Host-device transfer bottleneck

hi

I am testing a collider using Optix, and noticed a huge bottleneck due
to several under the hood deallocations/allocations and Host-Device
transfers…
This happens everytime I launch the tracer and optix seems to be changing contexts.

Here,

it is pointed out that Optix and CUDA context can not share memory in
the actual GPU hardware, leading to the copying.
He mentions a workaround using an OpenGL buffer, but is this the only way?

this is how I am creating the buffers:

optix::Context context;
optix::Buffer buffer1, buffer2, buffer3;

void init()
{
context = optix::Context::create();
//...
//...
buffer1 = context->createBuffer(RT_BUFFER_INPUT, RT_FORMAT_UNSIGNED_INT);
context["buffer1"]->setBuffer(buffer1);

buffer2 = context->createBuffer(RT_BUFFER_OUTPUT, RT_FORMAT_FLOAT4);
context["buffer2"]->setBuffer(buffer2);
buffer2->setSize(size2);

buffer3 = context->createBuffer(RT_BUFFER_INPUT_OUTPUT, RT_FORMAT_FLOAT);
context["buffer3"]->setBuffer(buffer3);
buffer3->setSize(size3);
}

//and this is how I get/set the data:

void update(unsigned int *usrData1, float *userData3, unsigned int size3)
{
buffer1->setDevicePointer(0,usrData1);
cudaMemcpyAsync(buffer3->getDevicePointer(0), userData3,
sizeof(float)*size3, cudaMemcpyDeviceToDevice)
}

float * result(){
return (float*)buffer2->getDevicePointer(0);
}

thank you.

Hi Burajimiru,

By default, this is by purpose, you could read Optix doc “9.2.1 Buffer synchronization” to find out how it works.

Basically, Optix tries to make ease of use for multiple GPUs, so it provides ways to manage memory between device and host for us. Moreover, it also works in other ways if you could add some flags to your code.

If you do not want buffer sync overtime, please use RT_BUFFER_COPY_ON_DIRTY.
If you want Optix to share buffers with CUDA, please use RT_BUFFER_GPU_LOCAL.

There are some caveats to know, thanks to PC architecture especially PCIE…

HIH,

Yashiz

Yes, I am not sure why the blog post claims that you cannot share memory between optix and cuda – after all, optix is built on cuda. CUDA interop API (eg, rtBufferSetDevicePointer) does allow you to share on-GPU memory between optix and an external CUDA application. You can see this in action with the optixOcean sample in the optix advanced samples here:

This sample shares memory between a simple optix-based renderer and cuda’s cufft library.

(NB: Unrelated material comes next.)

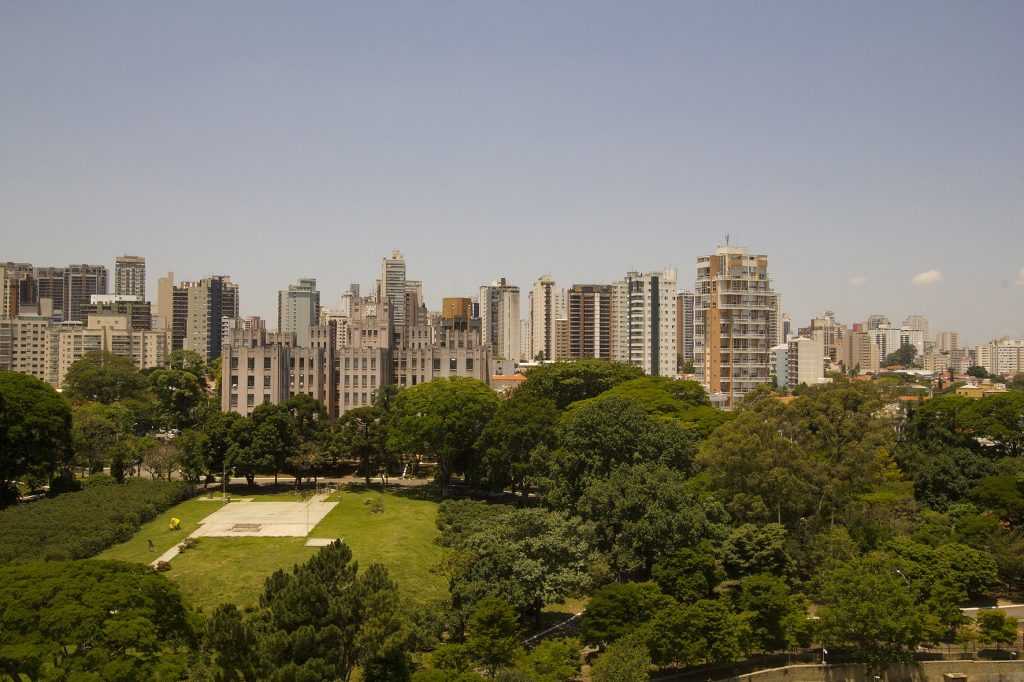 Estudo do Centro de Estudos da Metrópole revela áreas verdes informais em São Paulo: descubra as principais descobertas.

Thank you for your replies,
They helped me to realize a semantic mistake I was making.

I am using only 1 GPU in 1 machine, and all my data resides in the device. What I want is to read/write using device only, there is absolutely no need of host in my application (except during start up).

There are 4x3 + 1 buffers: particleStart(x,y,z), particleEnd(x,y,z), colliderStart(x,y,z), colliderEnd(x,y,z) and particleRadius.
I have changed all of them to OUTPUT because there is no need to synchronize them with the host.
After copying the data to the buffers, I launch the tracer and then process the result somewhere else.

here is the code being used now:

buffer = context->createBuffer(RT_BUFFER_OUTPUT | RT_BUFFER_COPY_ON_DIRTY, RT_FORMAT_FLOAT);
context[“buffer”]->setBuffer(buffer);
buffer->setSize(size);
buffer_data = (float*)buffer->getDevicePointer(0);

(and I never mark the buffers as dirty, so there should not be automatic synchronization)

and on write:

cudaMemcpyAsync(buffer_data, myData, sizeof(float)*size, cudaMemcpyDeviceToDevice)

If I am not mistaken, it should be enough to avoid host-device transfers, but this is the kind of result that I am getting:

[url]https://ibb.co/bF7i1H[/url]

the purple blocks are kernels in the application
the light blue bars are the d2d copies to set the buffers
Then, the GPU goes idle when it calls the cuMemFree_v2.
The first gap is followed by some h2d copies, memSets, and the refit.
The second gap is similar, followed by the MegaKernel.
The last gap copies back to host the results and then returns to the application

I believe the cuMemFree_v2 is being called because of the refit kernel. When I dont mark the acceleration structure as dirty, this step is skipped but the megaKernel is still making h2d transfers.

So, am I making any other mistake here?
Are those copies the internal data of the tree structure being moved around or just the buffers?
If optix is copying all the acceleration structure data back and forth, is there a way to make them reside permanently on GPU?

In the section 7.2.3 of the doc, it mentions that calling rtBufferGetDevicePointer may return a pointer to zero-copy memory, but this is valid only for multi-GPU contexts, right?
If not, how could I get device pointers without calling rtBufferGetDevicePointer?

if you need more details, let me know. I can put everything here later.

thanks